The disassembly of pc (ee25d77c, libc.so+0005477c, arena_run_reg_alloc) is:
ee25d73c: 048c lsls r4, r1, #18
ee25d73e: 3414 adds r4, #20
ee25d740: f854 2904 ldr.w r2, [r4], #-4
ee25d744: 4432 add r2, r6
ee25d746: eb00 0282 add.w r2, r0, r2, lsl #2
ee25d74a: 6892 ldr r2, [r2, #8]
ee25d74c: fa92 f5a2 rbit r5, r2
ee25d750: 2a00 cmp r2, #0
ee25d752: fab5 f585 clz r5, r5
ee25d756: bf08 it eq
ee25d758: f04f 35ff moveq.w r5, #4294967295 ; 0xffffffff
ee25d75c: 3b01 subs r3, #1
ee25d75e: eb05 1646 add.w r6, r5, r6, lsl #5
ee25d762: d1ed bne.n 0xee25d740
ee25d764: ea4f 1c56 mov.w ip, r6, lsr #5
ee25d768: f006 031f and.w r3, r6, #31
ee25d76c: 2401 movs r4, #1
ee25d76e: eb00 028c add.w r2, r0, ip, lsl #2
ee25d772: fa04 f303 lsl.w r3, r4, r3
ee25d776: 6895 ldr r5, [r2, #8]
ee25d778: ea83 0405 eor.w r4, r3, r5
ee25d77c: 6094 str r4, [r2, #8] <<===========crash here
ee25d77e: 429d cmp r5, r3
ee25d780: d11f bne.n 0xee25d7c2
ee25d782: 698a ldr r2, [r1, #24]
ee25d784: 2a02 cmp r2, #2
ee25d786: d31c bcc.n 0xee25d7c2
ee25d788: f101 0320 add.w r3, r1, #32
ee25d78c: f04f 0e01 mov.w lr, #1
ee25d790: 2401 movs r4, #1
ee25d792: 681a ldr r2, [r3, #0]
ee25d794: f00c 051f and.w r5, ip, #31
ee25d798: eb02 125c add.w r2, r2, ip, lsr #5
ee25d79c: fa0e f505 lsl.w r5, lr, r5
ee25d7a0: eb00 0882 add.w r8, r0, r2, lsl #2
ee25d7a4: f8d8 7008 ldr.w r7, [r8, #8]
ee25d7a8: ea87 0205 eor.w r2, r7, r5
ee25d7ac: f8c8 2008 str.w r2, [r8, #8]
ee25d7b0: 42af cmp r7, r5
ee25d7b2: d106 bne.n 0xee25d7c2
ee25d7b4: 698a ldr r2, [r1, #24]
ee25d7b6: 3401 adds r4, #1
ee25d7b8: ea4f 1c5c mov.w ip, ip, lsr #5
ee25d7bc: 3304 adds r3, #4
ee25d7be: 4294 cmp r4, r2
ee25d7c0: d3e7 bcc.n 0xee25d792
r2 is pointint to code segment without write permission, and in the current crash log it's point to:
d694c000-d8cc4000 r-xp 04766000 103:22 647 /system/app/WebViewGoogleNX/WebViewGoogleNX.apk
And we found that, the memory point by r0 is always '00000014 00000002 00000000' in all crash logs.

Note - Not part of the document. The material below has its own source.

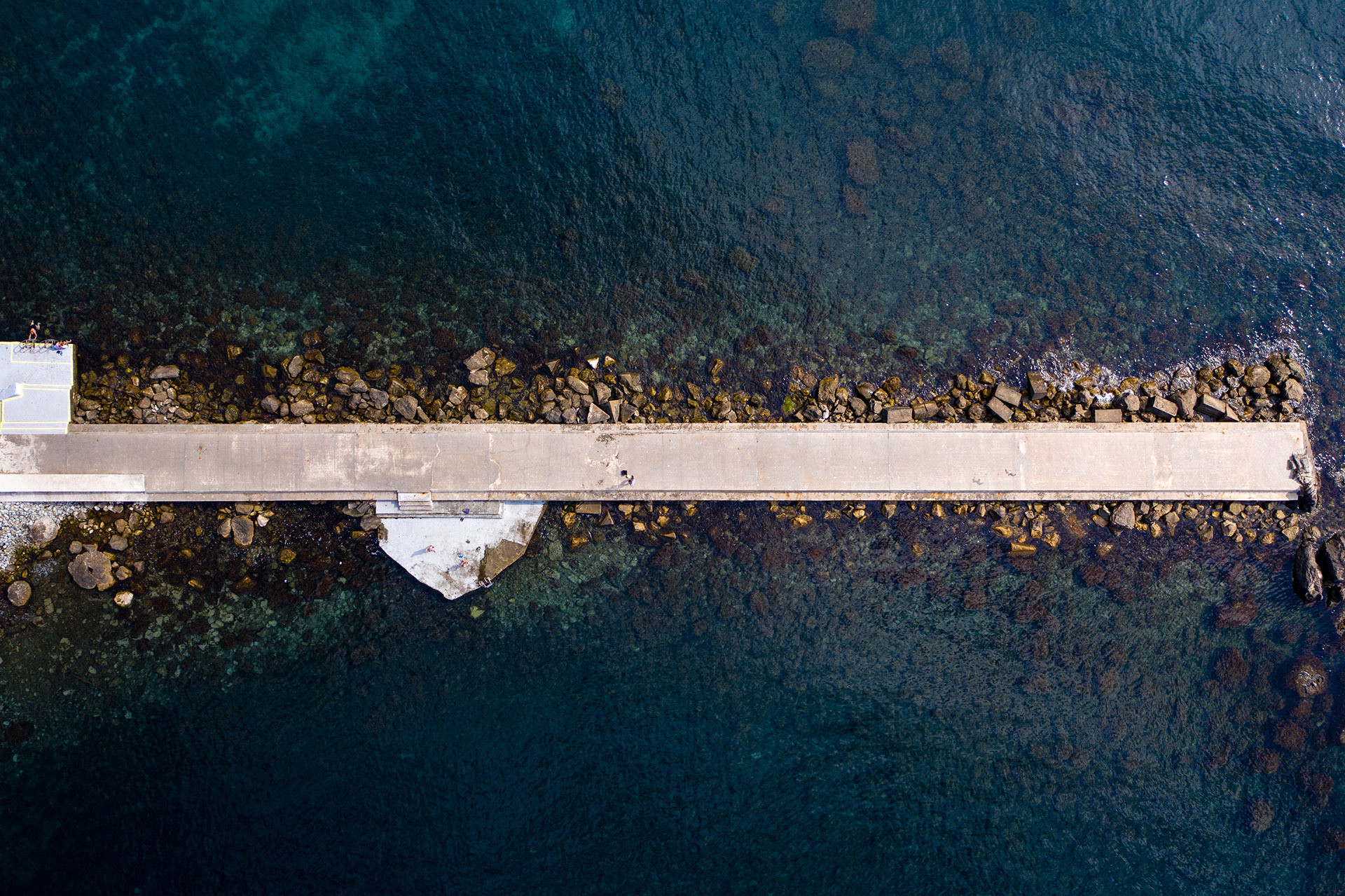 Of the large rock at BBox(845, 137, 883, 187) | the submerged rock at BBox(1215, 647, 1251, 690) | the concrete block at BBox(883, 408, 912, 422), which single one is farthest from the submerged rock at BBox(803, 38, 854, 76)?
the submerged rock at BBox(1215, 647, 1251, 690)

We use a heap memory double free test code:
for (int i = 0; i < 1000; ++i) {
__android_log_print(ANDROID_LOG_INFO, "ss", "test loop: %d", i);
void* ptr = malloc(524); // the alloc size must in region [513, 640]
free(ptr);
free(ptr); // double free here
}
It can reproduce the crash stack in libc which like:
#00 pc 000539ba /system/lib/libc.so (arena_run_reg_alloc+109)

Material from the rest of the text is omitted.